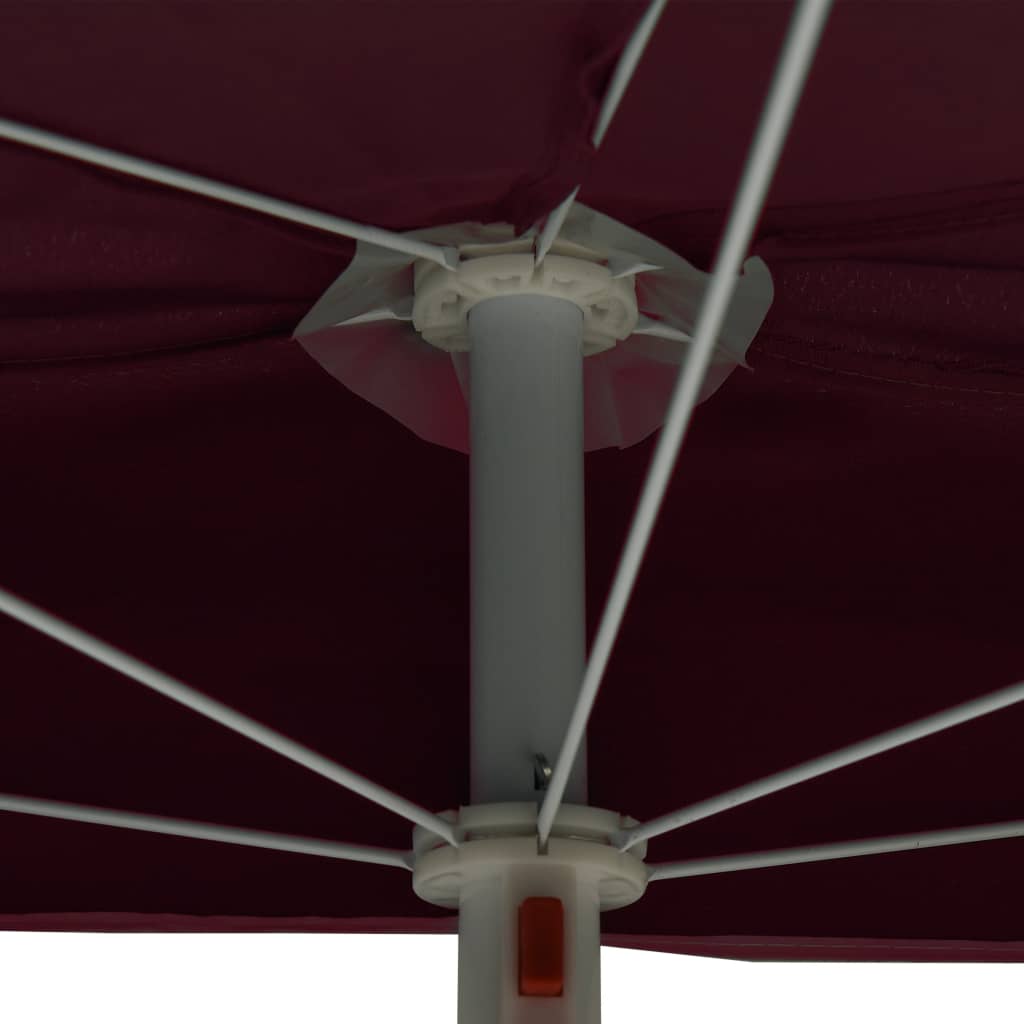 Half parasol with pole 180x90 cm Bordeaux red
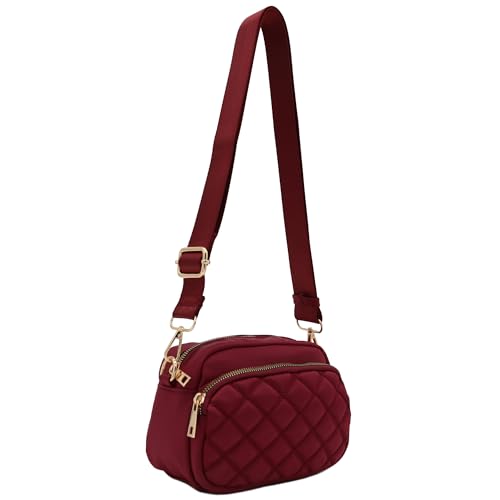 Image of FashionPuzzle Quilted Nylon Crossbody Bag with Wide Strap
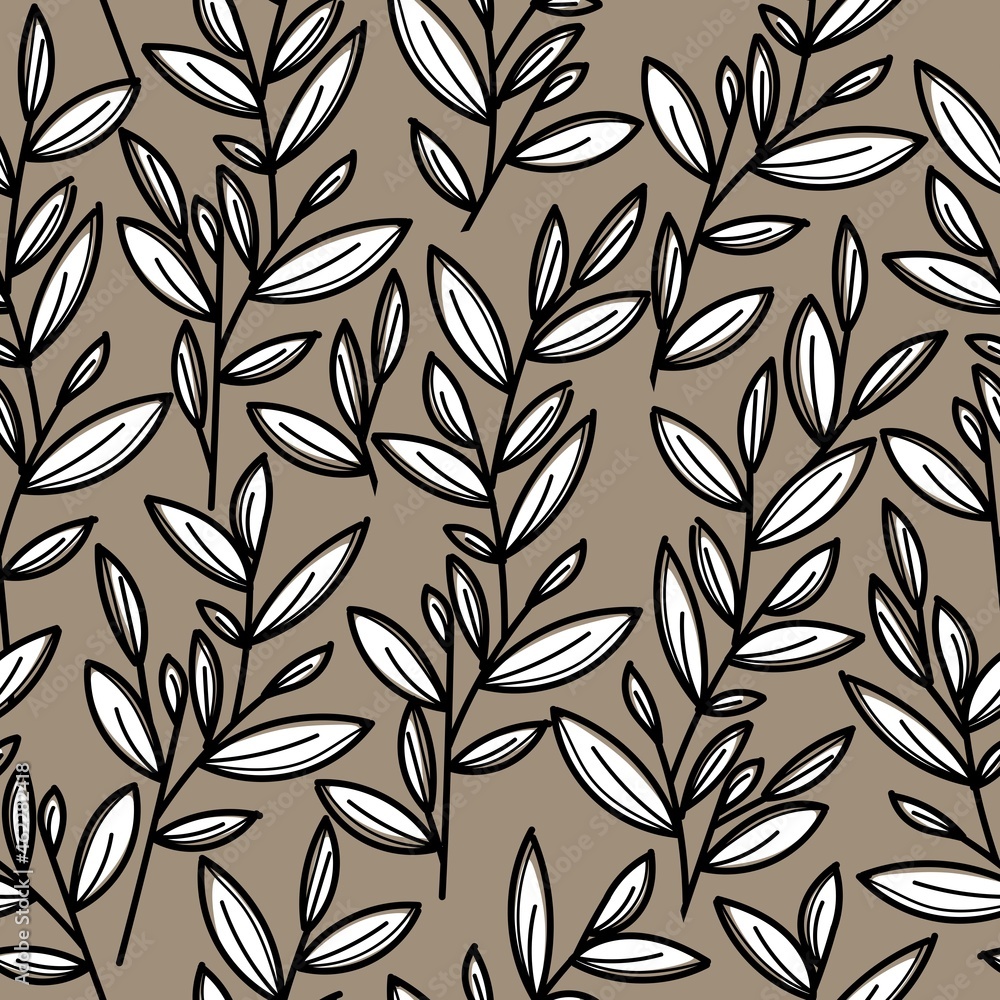 A stylish pattern of plants and flowers on a beige background. For wedding invitations, postcards, posters, labels of cosmetics and perfumes. A stylish pattern of plants and flowers on a beige background. For wedding invitations, postcards, posters, labels of cosmetics and perfumes.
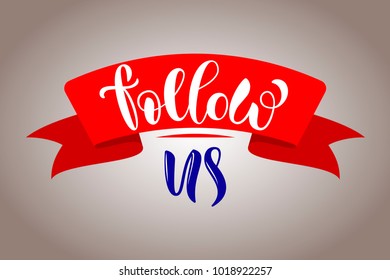 Blue and white vector hand sketched Follow us lettering typography on beige background with red ribbon for Article, news, movie, business, video, invitation, ticket, bloggers, Internet Site,  shopping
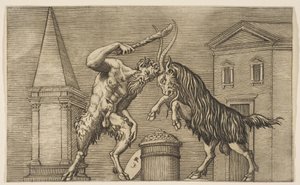 En satyr og en vær angriper hverandre, satyren svinger en kølle med sin høyre ha..., ca. 1515-27.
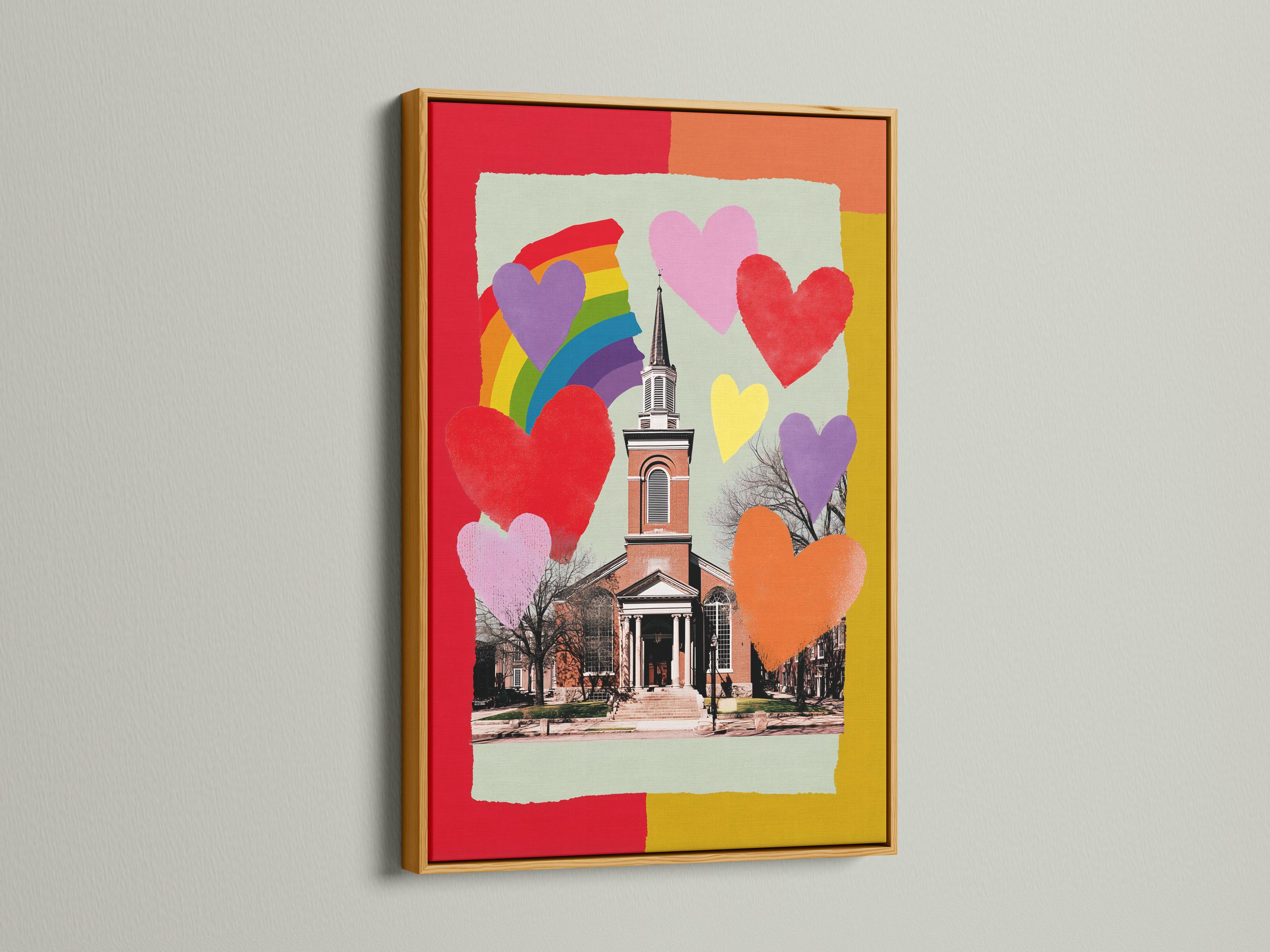 Rainbow hearts church artwork with a rainbow arch and colourful heart shapes detail view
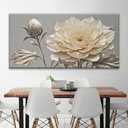 QSQ Large Wall Art Living Room Home Wall Decor Modern Canvas Art Wall Decor 29 X 58 Inches White Painting Print Elegant Silver White Flower Wall Art Picture For Bedroom Office Decoration Artwork
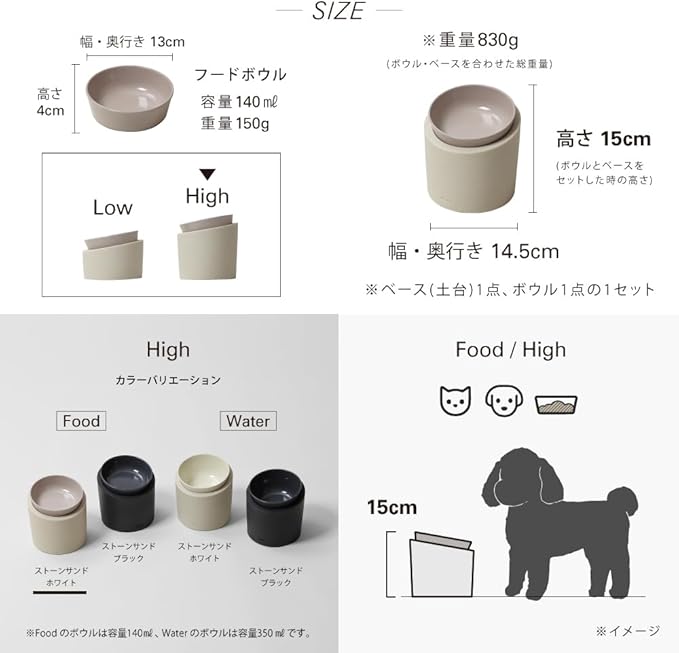 ideaco Pet Food Bowl Stand with Slant for Dogs and Cats, Tableware, 4.9 fl oz (140 ml), Pet Feeder Food/High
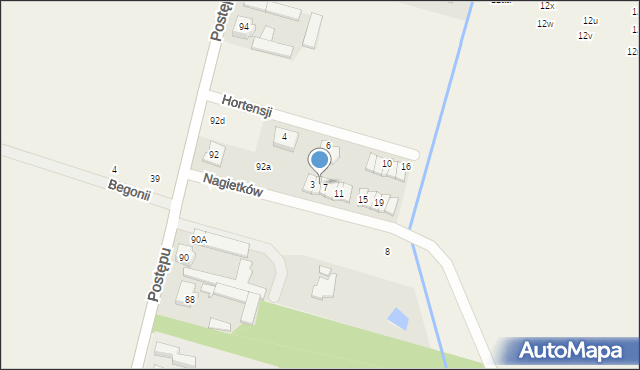 Nowa Wola, Postępu, 92BA, mapa Nowa Wola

**Action item**: Exact copy, no pictures: please print every record above as written.

**Solution to the problem**:
 Half parasol with pole 180x90 cm Bordeaux red
 Image of FashionPuzzle Quilted Nylon Crossbody Bag with Wide Strap
 A stylish pattern of plants and flowers on a beige background. For wedding invitations, postcards, posters, labels of cosmetics and perfumes. A stylish pattern of plants and flowers on a beige background. For wedding invitations, postcards, posters, labels of cosmetics and perfumes.
 Blue and white vector hand sketched Follow us lettering typography on beige background with red ribbon for Article, news, movie, business, video, invitation, ticket, bloggers, Internet Site,  shopping
 En satyr og en vær angriper hverandre, satyren svinger en kølle med sin høyre ha..., ca. 1515-27.
 Rainbow hearts church artwork with a rainbow arch and colourful heart shapes detail view
 QSQ Large Wall Art Living Room Home Wall Decor Modern Canvas Art Wall Decor 29 X 58 Inches White Painting Print Elegant Silver White Flower Wall Art Picture For Bedroom Office Decoration Artwork
 ideaco Pet Food Bowl Stand with Slant for Dogs and Cats, Tableware, 4.9 fl oz (140 ml), Pet Feeder Food/High
 Nowa Wola, Postępu, 92BA, mapa Nowa Wola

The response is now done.